GNN param grid example¶

param_grid:
  feature_keys:    ['035', '03']
  learning_rate:   [0.0001, 0.001]
  hidden_channels: [48, 64]

CNN param grid example¶

param_grid:
  merge_scheme:    [none, heteroatom]
  broadening_fwhm: [1.2, 1.6, 2.0]
  learning_rate:   [0.0001, 0.0003]
  use_augmented:   [true, false]

Evaluate / Predict¶

Field	Default	Description
`model_path`	`''`	Path to a saved `.pth` model (relative to cwd or absolute)
`predict_dir`	`''`	Directory of `.xyz` files for `predict` mode (GNN only)

For evaluate and predict modes, the model_id used in output filenames is derived from the model_path filename (minus the .pth extension). The architecture fields must match the values used during training.

Note: Predict mode is not yet implemented for auger-cnn.

Output File Naming¶

model_id¶

Each model type constructs its model_id differently:

Model	Format	Example
`cebe-gnn`	`cebe_gnn_{feature_keys}_{split}_{layer_type}{n_layers}_h{hidden}`	`cebe_gnn_035_random_EQ3_h64`
`auger-gnn`	`auger_gnn_{feature_keys}_{split}_{layer_type}{n_layers}_h{hidden}`	`auger_gnn_035_random_EQ3_h64`
`auger-cnn`	`auger_cnn_{merge_scheme}`	`auger_cnn_none`

For evaluate and predict modes, model_id is the model_path filename without the .pth extension.
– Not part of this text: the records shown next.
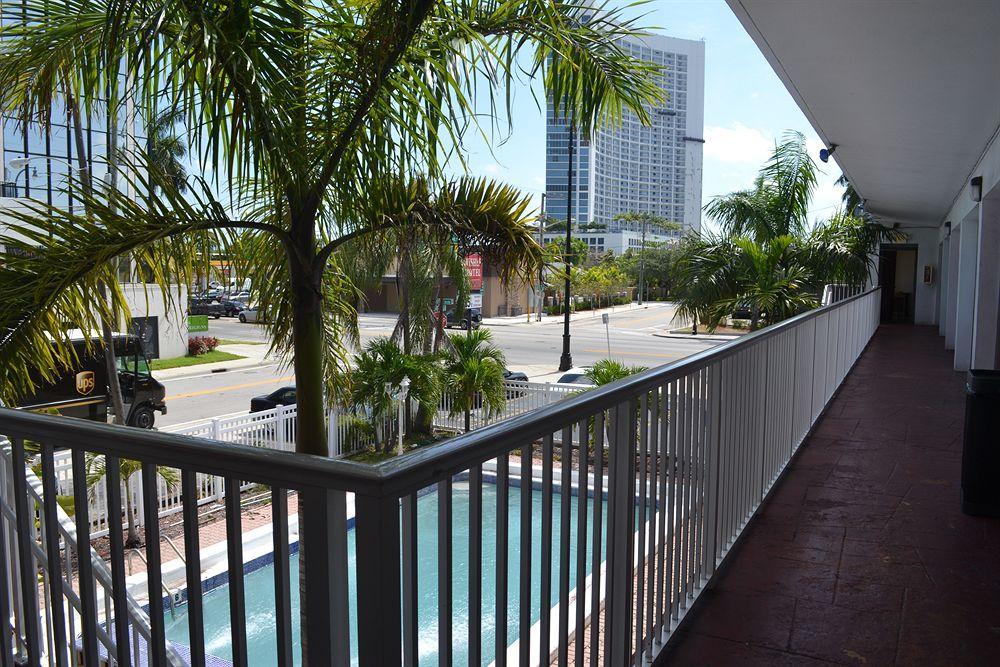 Up Midtown Motel Miami Eksteriør billede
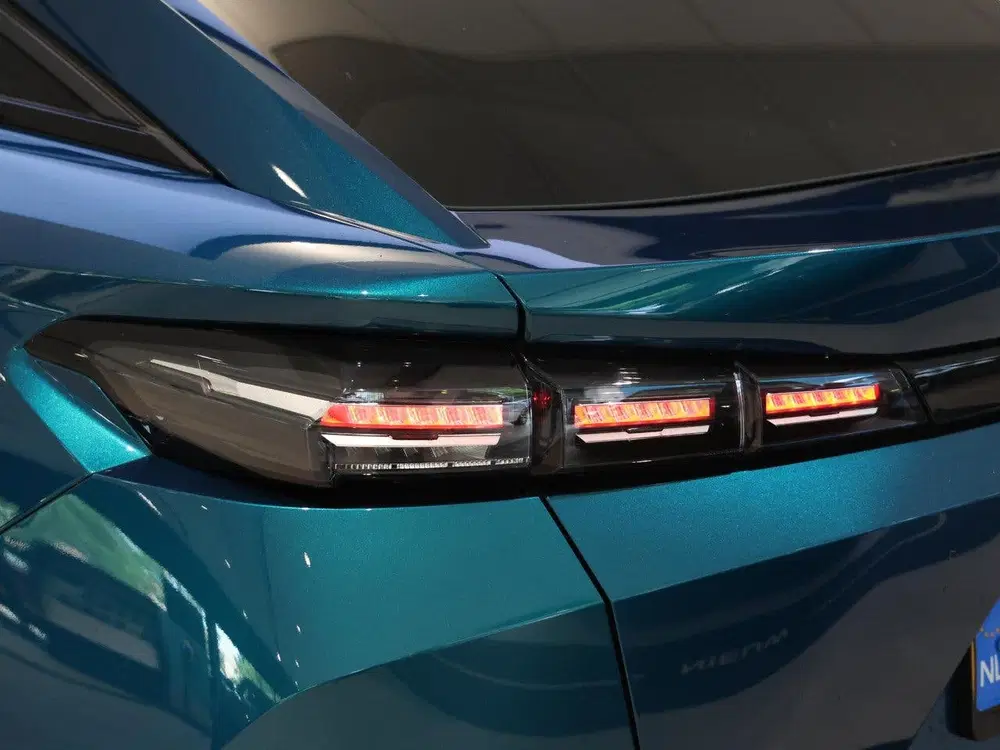 Peugeot 408 Allure Avantage Plug-in Hybrid 225 pk Auto uit 2025, foto 20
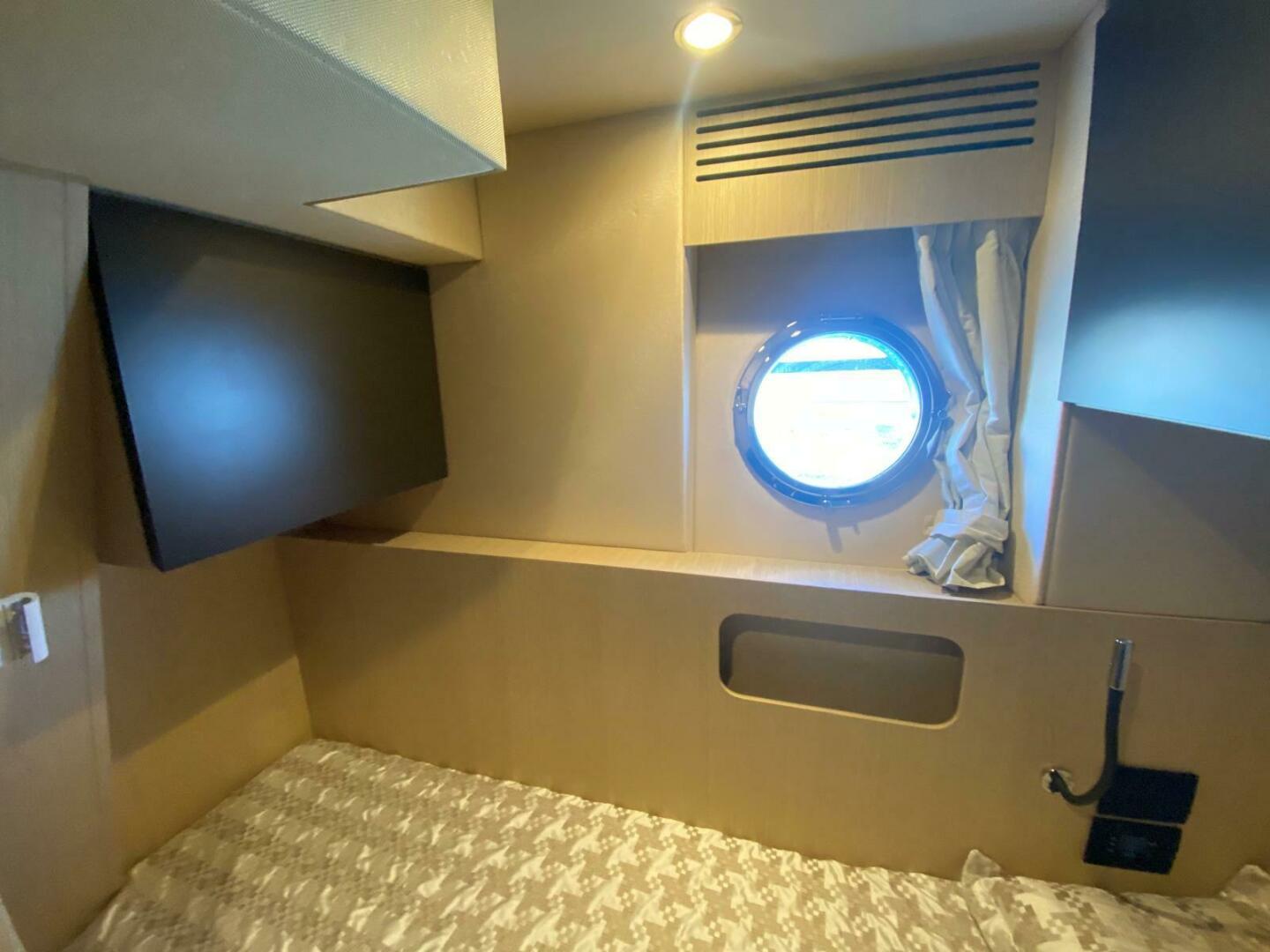 2016 Azimut 77S - Image 66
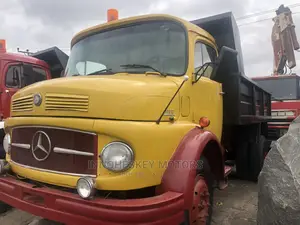 Mercedes Tipper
GNN output files (per fold)¶

File	Description
`{model_id}_fold{fold}.pth`	Saved model weights
`{model_id}_fold{fold}_loss.png`	Training/validation loss curves
`{model_id}_fold{fold}_scatter.png`	Predicted vs experimental scatter
`{model_id}_fold{fold}_results.txt`	Numeric predicted vs true (carbon only)
`{model_id}_cv_summary.json`	Cross-validation summary (`cv` mode)

CNN output files (per fold)¶

File	Description
`{model_id}_fold{fold}.pth`	Saved model weights
`training_history_fold{fold}.csv`	Per-epoch loss and accuracy
`training_plots_fold{fold}.png`	Training curve plots

Param search files (per config)¶

File	Description
`{search_id}_{model_id}_fold{fold}_{config_id}.pth`	Saved model weights
`{search_id}_{model_id}_param_summary.json`	Ranked leaderboard JSON

Output directory naming¶

Each model type writes to its own results directory:

Model	Directory pattern
`cebe-gnn`	`cebe_gnn_{mode}_results/`
`auger-gnn`	`auger_gnn_{mode}_results/`
`auger-cnn`	`auger_cnn_{mode}_results/`

Each contains outputs/ and pngs/ subdirectories. Train, cv, and param modes also create a models/ subdirectory.